Skip to content

VARCHAR column converted to None when length of string > 64 characters #184

@psnelgrove-r7

Description

@psnelgrove-r7

What happens?

I have an application where I query a mysql table (via the standard ATTACH method for the mysql extension) and build a local reverse index for fast local lookups. It was impossible for two of my columns to be NULL so I updated my duckdb table schema to mirror the mysql schema.

My tests blew up because I got a None value in my arn column on the first and only the first row. Playing around with the WHERE clause and I was able to get the primary key resource_id to come back as null.
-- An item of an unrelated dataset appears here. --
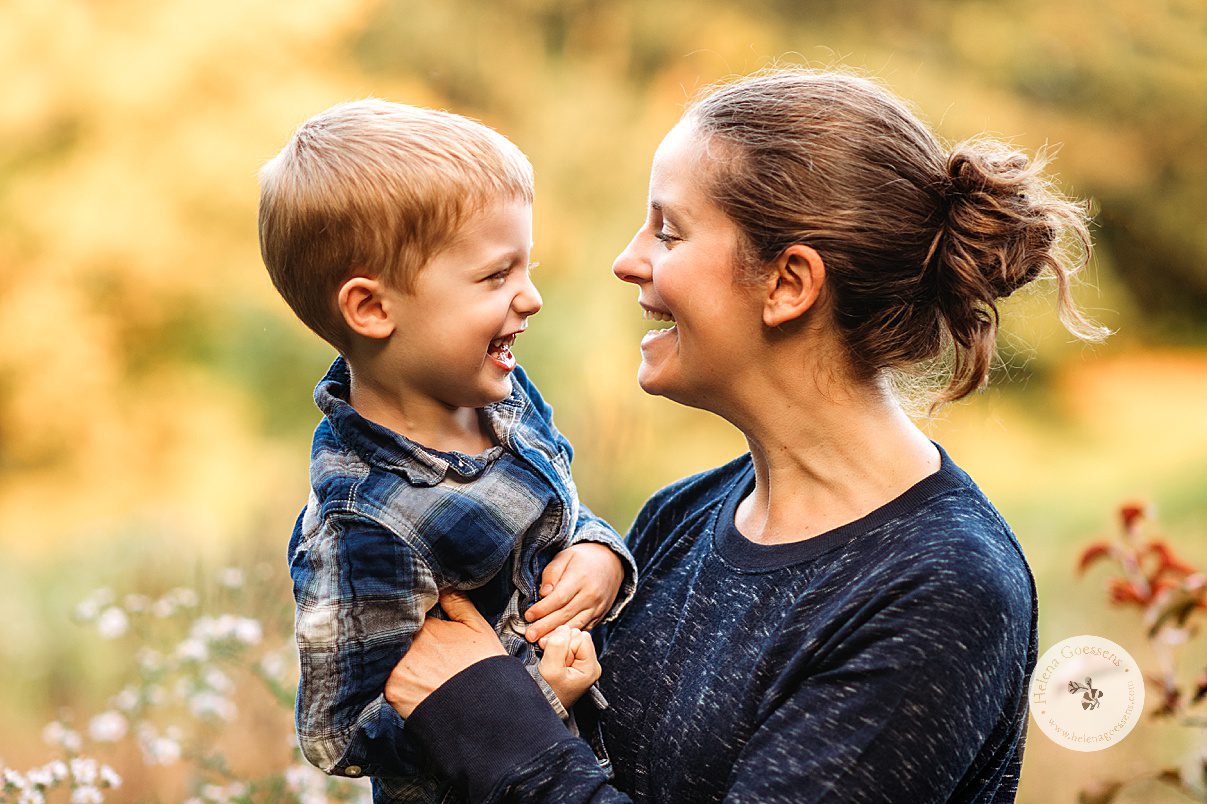 mom stands holding toddler in blue plaid shirt during fall Larz Anderson Park family portraits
Regardless of SELECT ordering or WHERE conditions, lowering the resource_id string length < 64 characters and the data populates just fine.
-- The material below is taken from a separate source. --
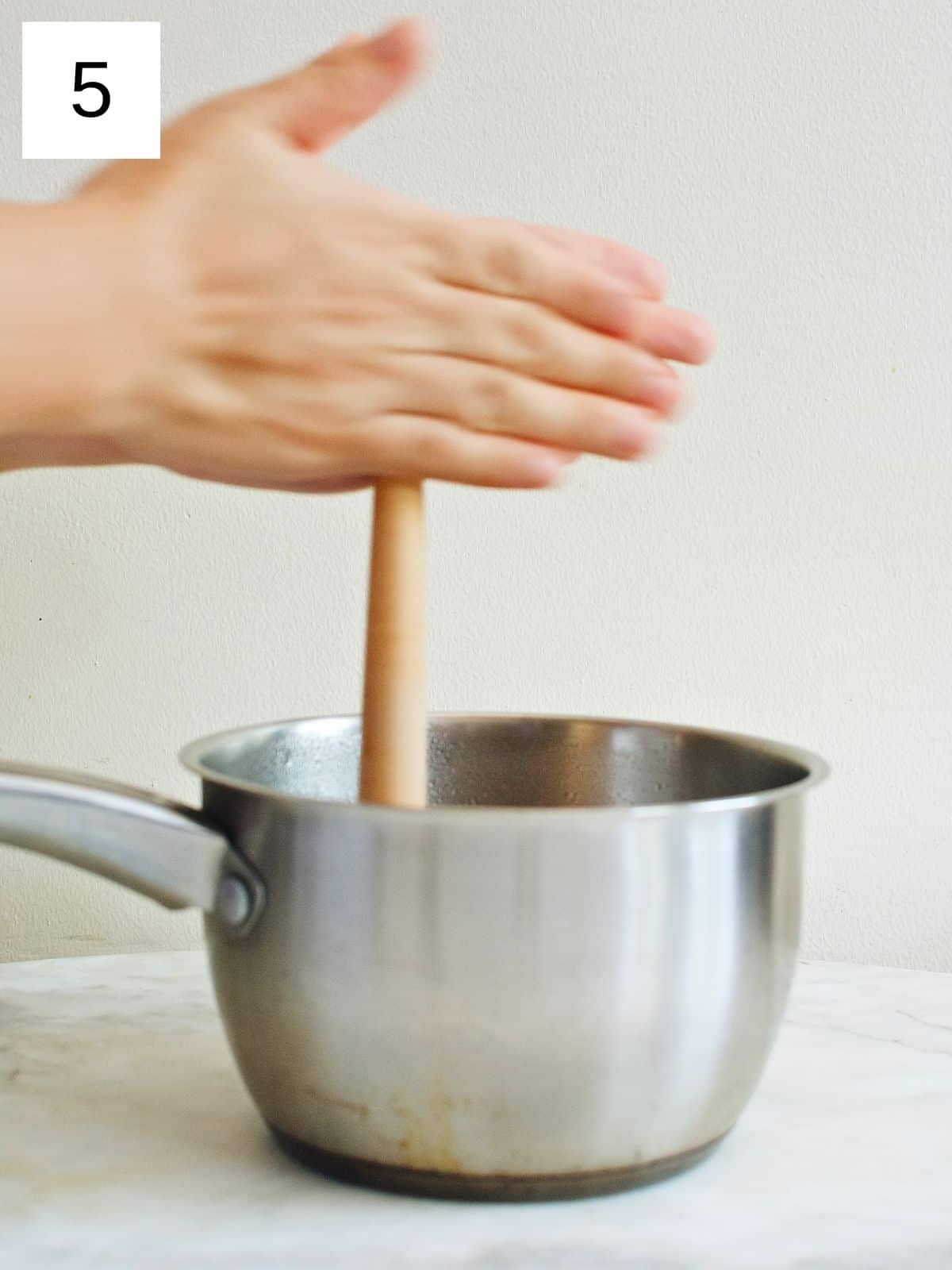 mixing the melted tableya in a pot with a batirol.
Here are some other observations:

  • I get this result using any of the python interfaces for reading the query result like fetchone, fetchmany, or arrow.
  • The bug does NOT reproduce when using the DuckDB CLI!
    • When using CLI with 65+ char resource_id: ALL VALUES ARE RETURNED CORRECTLY
    • This suggests the bug is specific to the Python extension
    • The issue is likely in how the Python bindings handle result sets from MySQL
    • See kms_debugging.sh for CLI reproduction test
  • mysql column varchar length and character set don't appear to have an effect.
  • I messed around with table values a bunch so it doesn't feel like an issue with the table and column catalog.

To Reproduce

My example uses pytest because it was easier to create a fast feedback loop with something like watchexec as I was messing with different values.

uv venv
uv pip install pytest duckdb
watchexec -c -- pytest -vvv kms_debugging.py

The test is setup with a fixture to setup and teardown the db. It expects that you have a mysql instance running locally with a database named test. I'm running an older version of mysql 8.0.42. I'll try testing against a newer version.
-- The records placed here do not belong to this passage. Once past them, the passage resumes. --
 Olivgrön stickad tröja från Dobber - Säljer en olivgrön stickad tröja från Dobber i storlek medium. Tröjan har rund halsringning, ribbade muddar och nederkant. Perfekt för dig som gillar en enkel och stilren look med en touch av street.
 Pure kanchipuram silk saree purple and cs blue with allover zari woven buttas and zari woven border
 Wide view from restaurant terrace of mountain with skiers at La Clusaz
Each test is parameterized to run twice. First with a string 64 characters long and the second 65 characters long which will cause the failure. I kept it this way so it was easy to add or modify those inputs..

I want to draw attention to the third test which demonstrates adding arn IS NOT NULL causes the null column to change.

from __future__ import annotations

import itertools
from dataclasses import dataclass

import duckdb
import pytest


@dataclass
class ExampleRow:
    # [0, 64] will pass
    # [65, 255] will change the value to None
    # [256, ~] will exceed the column size
    resource_id: str
    region_name: str
    arn: str

    @classmethod
    def from_size(cls, index: int, resource_id_length: int) -> ExampleRow:
        return cls(
            "".join(itertools.repeat(str(index), resource_id_length)),
            "us-east-1",
            "arn:aws:kms:us-east-1:123456789012:key/00000000-0000-0000-0000-000000000000",
        )

    def as_tuple(self) -> tuple[str, str, str]:
        return (self.resource_id, self.region_name, self.arn)


@pytest.fixture()
def conn():
    # Config
    host = "localhost"
    port = "3306"
    user = "root"
    database = "test"
    # Setup
    conn = duckdb.connect("test.db")
    conn.sql(f"ATTACH 'host={host} user={user} port={port} database={database}' AS mysql (TYPE mysql)")
    conn.sql("SET mysql_experimental_filter_pushdown = true")
    conn.sql("SET mysql_debug_show_queries = true")
    conn.sql(""" CALL mysql_execute( "mysql", "DROP TABLE IF EXISTS example" ) """)
    conn.sql("""
        CALL mysql_execute(
            "mysql",
            "CREATE TABLE example (
                resource_id varchar(255) NOT NULL,
                region_name varchar(64) NOT NULL,
                arn varchar(1024) DEFAULT NULL
            )"
      )
    """)
    yield conn
    conn.close()


@pytest.mark.parametrize("resource_id_size", [64, 65])
def test_does_param_binding_matter(conn: duckdb.DuckDBPyConnection, resource_id_size: int):
    """
    Does using prepared parameter binding matter? It appears not I get the same incorrect result in both cases.
    """
    example_row = ExampleRow.from_size(0, resource_id_size)
    conn.execute("INSERT INTO mysql.example VALUES (?, ?, ?)", example_row.as_tuple())
    bug = (
        example_row.resource_id,
        # `arn` will be None if len(resource_id) > 64
        example_row.arn,
    )
    # Test
    with_binding = "SELECT resource_id, arn FROM mysql.example WHERE region_name = ?"
    assert conn.execute(with_binding, [example_row.region_name]).fetchone() == bug
    without_binding = f"SELECT resource_id, arn FROM mysql.example WHERE region_name = '{example_row.region_name}'"
    assert conn.sql(without_binding).fetchone() == bug


@pytest.mark.parametrize("resource_id_size", [64, 65])
def test_does_it_work_with_mysql_query(conn: duckdb.DuckDBPyConnection, resource_id_size: int):
    """
    If I bypass duckdb and go directly to mysql using `mysql_query` it does give me the correct value
    """
    example_row = ExampleRow.from_size(0, resource_id_size)
    conn.execute("INSERT INTO mysql.example VALUES (?, ?, ?)", example_row.as_tuple())
    query = f"""CALL mysql_query("mysql", "SELECT resource_id, arn FROM example WHERE region_name = '{example_row.region_name}'") """
    assert conn.sql(query).fetchone() == (example_row.resource_id, example_row.arn)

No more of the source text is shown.